28 OCAK 1920, tarihinde Son Osmanlı Mebusan Meclisi’nde kabul edildi. 17 Şubat 1920’de de Dünya Kamuoyuna ilan edildi.

Maddeler:
1. Osmanlı Devleti özellikle Arap çoğunluğunun yerleşmiş olduğu, 30 Ekim 1918 günkü Silah Bırakışımı (Mondros Mütarekesi)’nın yapıldığı sırada düşman ordularının işgali altında kalan kesimlerin halklarının serbestçe açıklayacakları oy uyarınca belirlenmesi gerekir.
2. Halkı özgürlüğe kavuşunca, oylarıyla ana vatana katılmış üç il (Elviye-i Selase yani Kars, Ardahan, Batum) için gerekirse yeniden Halkın Serbest oyuna başvurulmasını kabul ederiz.
3. Batı Trakya’nın hukuksal durumunun da belirlenmesi, halkın özgürce açıklayacakları oya göre olmalıdır.
4. Osmanlı kenti ve Marmara Denizinin güvenliği her türlü tehlikeden uzak tutulmalıdır. Akdeniz ve Karadeniz boğazlarının dünya ticaret ve ulaşımına açılması için bizim ve diğer devletlerin verecekleri oya bağlıdır.
5. Azınlıkların hakları, komşu ülkelerdeki Müslüman halklarında özdeş haklardan yararlanması umudu ile bizce de benimsenip güvence altına alınacaktır.
6. Milli ve İktisadi gelişmemize imkan sağlaması ve daha çağdaş biçimde düzenli bir yönetimle işlerin yürütülmesini başarmak için her devlet gibi bizimde gelişmemizin sağlanmasında bütünüyle bağımsızlığa ve özgürlüğe kavuşmamız ana ilkesi, varlık ve geleceğimizin temelidir.
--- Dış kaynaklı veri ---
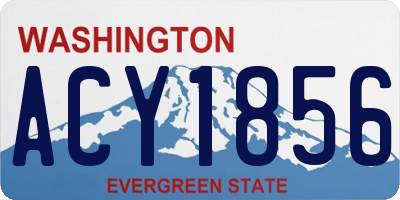 WA license plate ACY1856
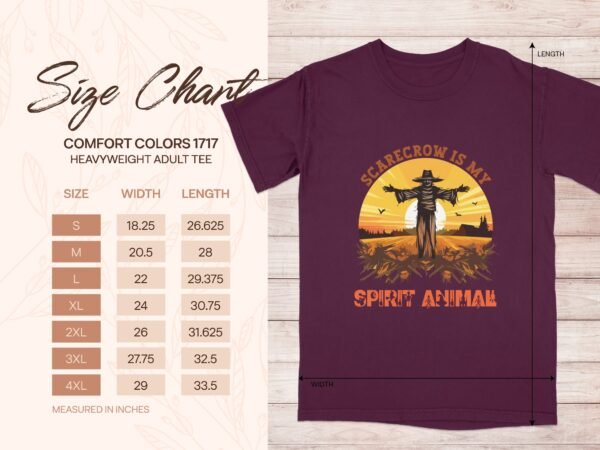 Funny Scarecrow Spirit Animal Halloween T-Shirt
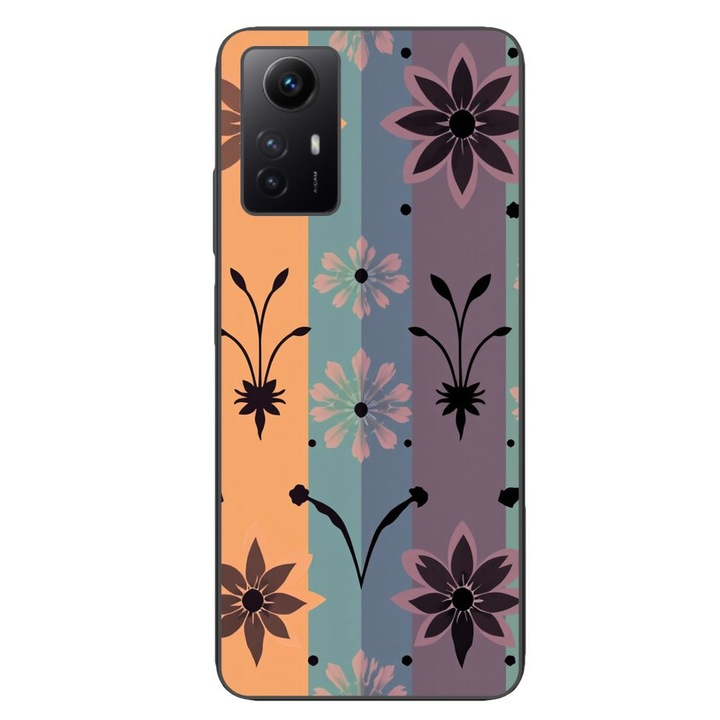 Husa compatibila cu Xiaomi Redmi Note 12s Silicon Gel Tpu Model Vintage Decal Flower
Bu nedenle; siyasi, hukuki, mali vb. alanlarda gelişmemizi önleyici sınırlamalara (Kapitilasyonlara) karşıyız. Tespit edilen borçlarımızda bu ilkeler ışığında olacaktır.

Önemi:
Misak-ı Millî İstiklal Harbimizin sırasında Türk Milletinin maksatlarını özetleyen ve Milli Mücadelenin başından sonuna kadar değişmeyen programın adıdır. Bir Bağımsızlık Bildirgesi’dir.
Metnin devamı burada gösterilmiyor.